---------- Task data

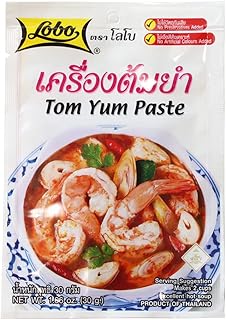 LOBo Tom Yum -1.06 oz (5 packs)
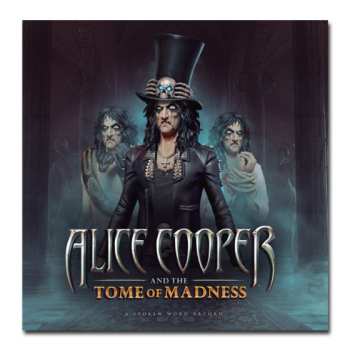 Album Alice Cooper: And The Tome Of Madness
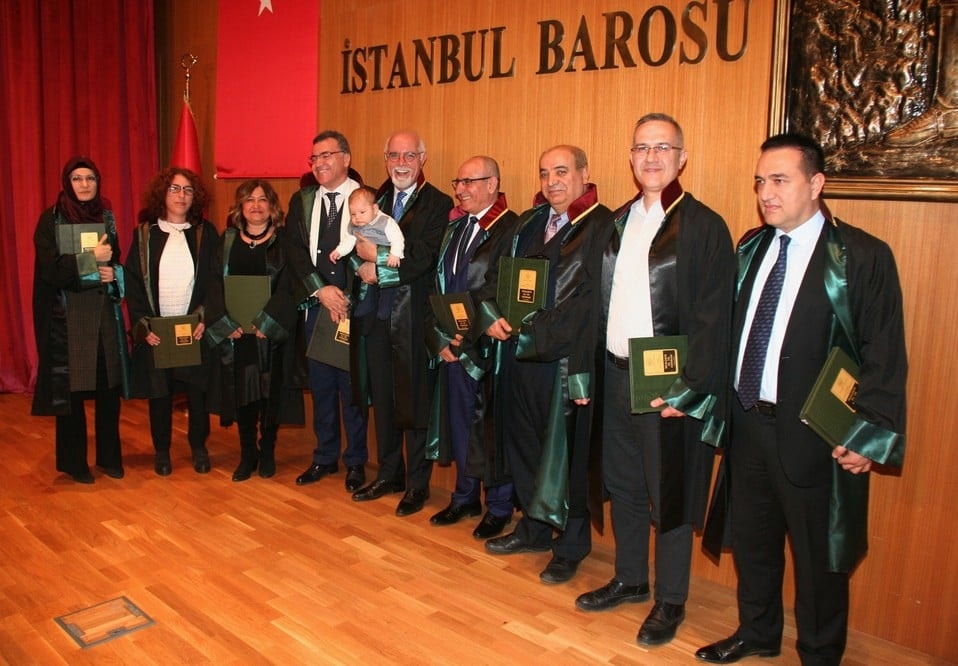 İstanbul Barosu 140 Yaşında!  - 174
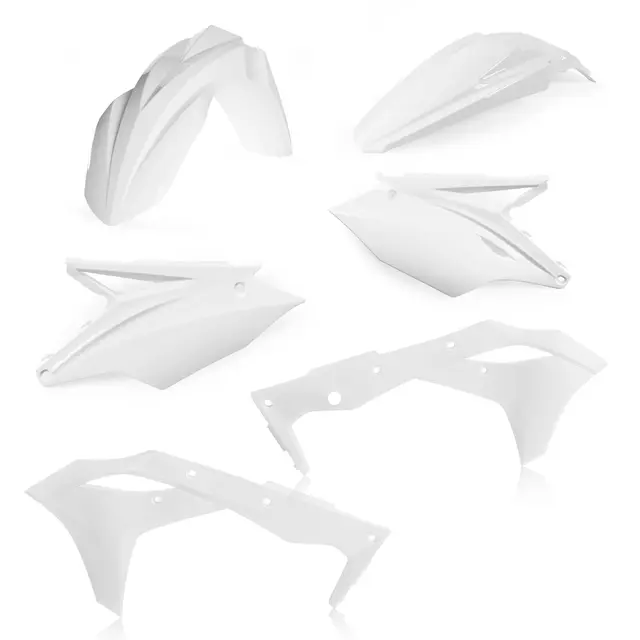 AC Plastic Kits Kaw Kxf 250 2018 Finnes i flere farger 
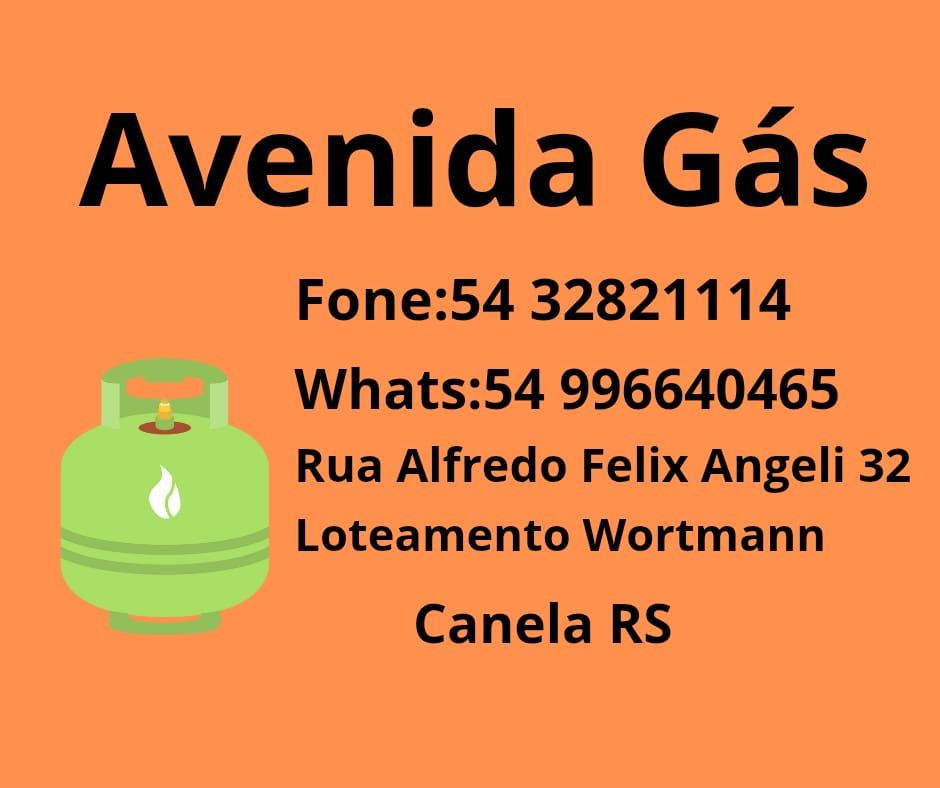 Avenida Gás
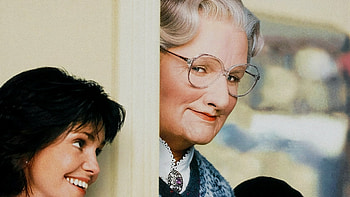 Mrs. Doubtfire , Posted by Christopher, Top backgrounds, Fan favorites HD wallpaper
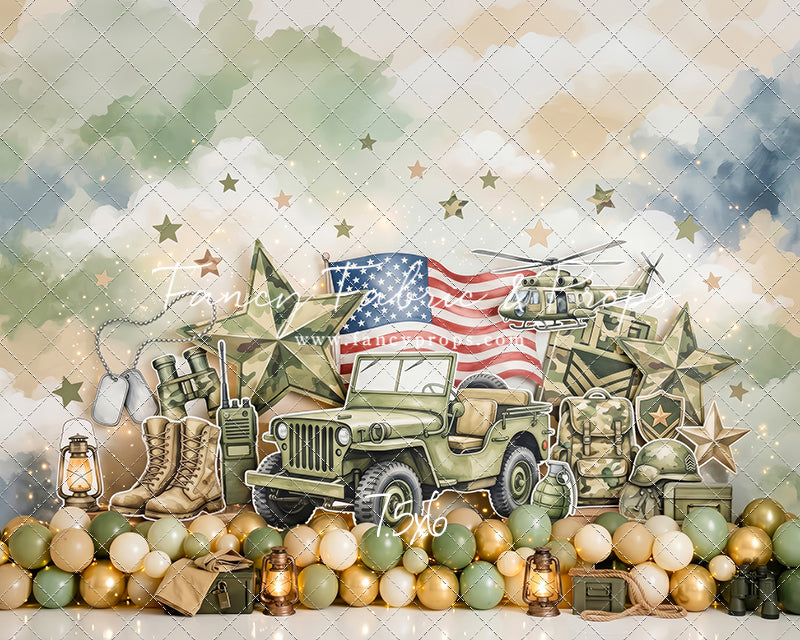 American Hero Adventure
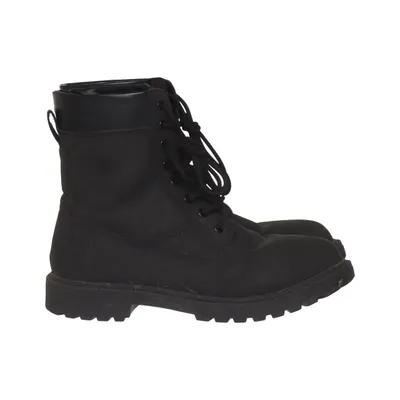 Laced boots (Black) from Take Off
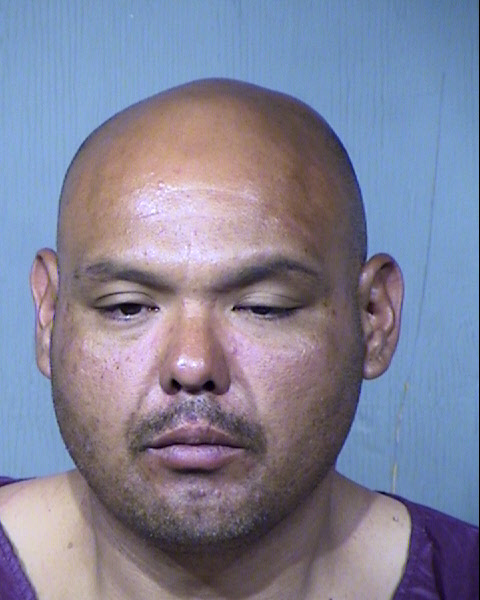Pasqual Chavez Mugshot / Maricopa County Arrests / Maricopa County Arizona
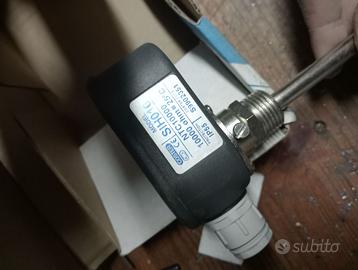 SONDA TEMPERATURA UMIDITA E DA CANALE COSTER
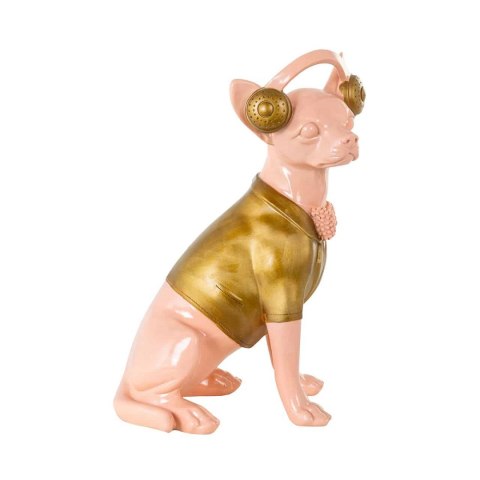 -15% RICHMOND dekoracja DOG CHIHUAHUA różowy -15% RICHMOND dekoracja DOG CHIHUAHUA różowy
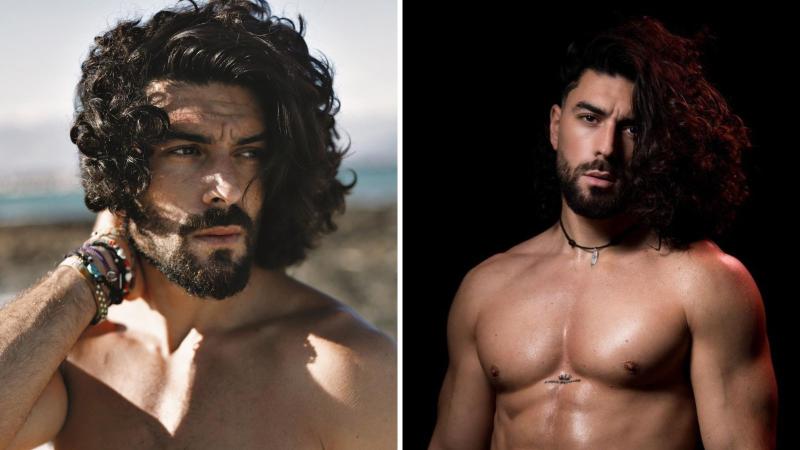 Instagram - Josué Bernal, nuevo participante de "Palabra de Honor"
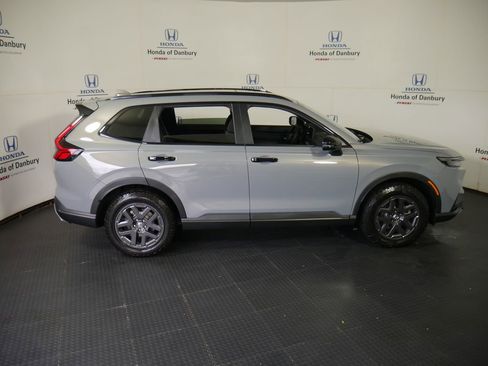 New 2026 Honda CR-V TrailSport image 3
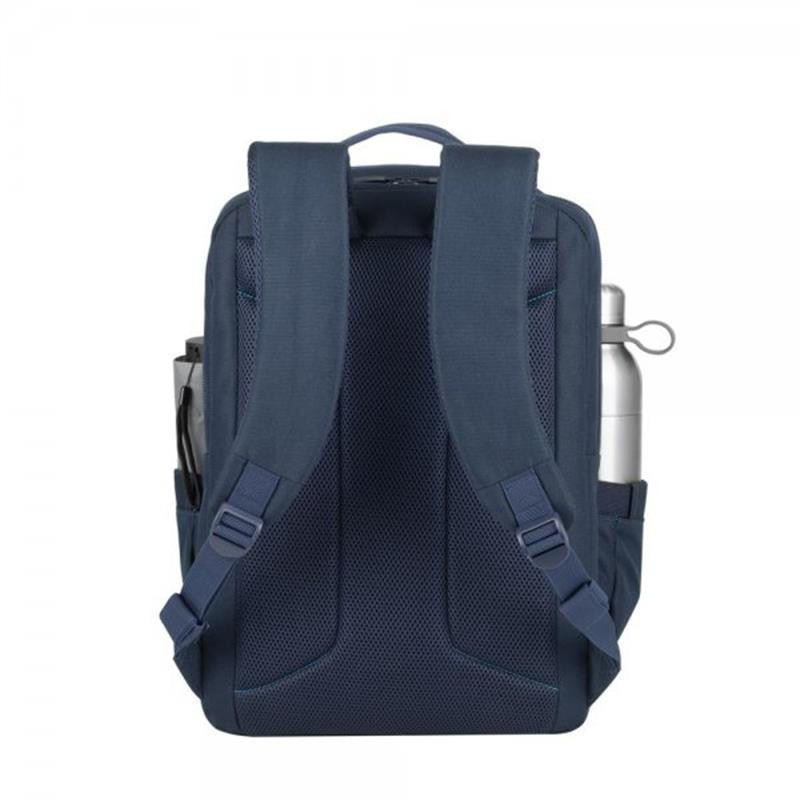 Рюкзак Rivacase 7764 Dark Blue 15.6" Темно-синій Харків - фото 7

--------------------

### Problem to solve
Set the pictures aside and repeat only the lines from the one containing "-15% RICHMOND dekoracja DOG CHIHUAHUA różowy -15%" through the last line of the entries above, exactly as they stand.

### Solution to this exercise
 -15% RICHMOND dekoracja DOG CHIHUAHUA różowy -15% RICHMOND dekoracja DOG CHIHUAHUA różowy
 Instagram - Josué Bernal, nuevo participante de "Palabra de Honor"
 New 2026 Honda CR-V TrailSport image 3
 Рюкзак Rivacase 7764 Dark Blue 15.6" Темно-синій Харків - фото 7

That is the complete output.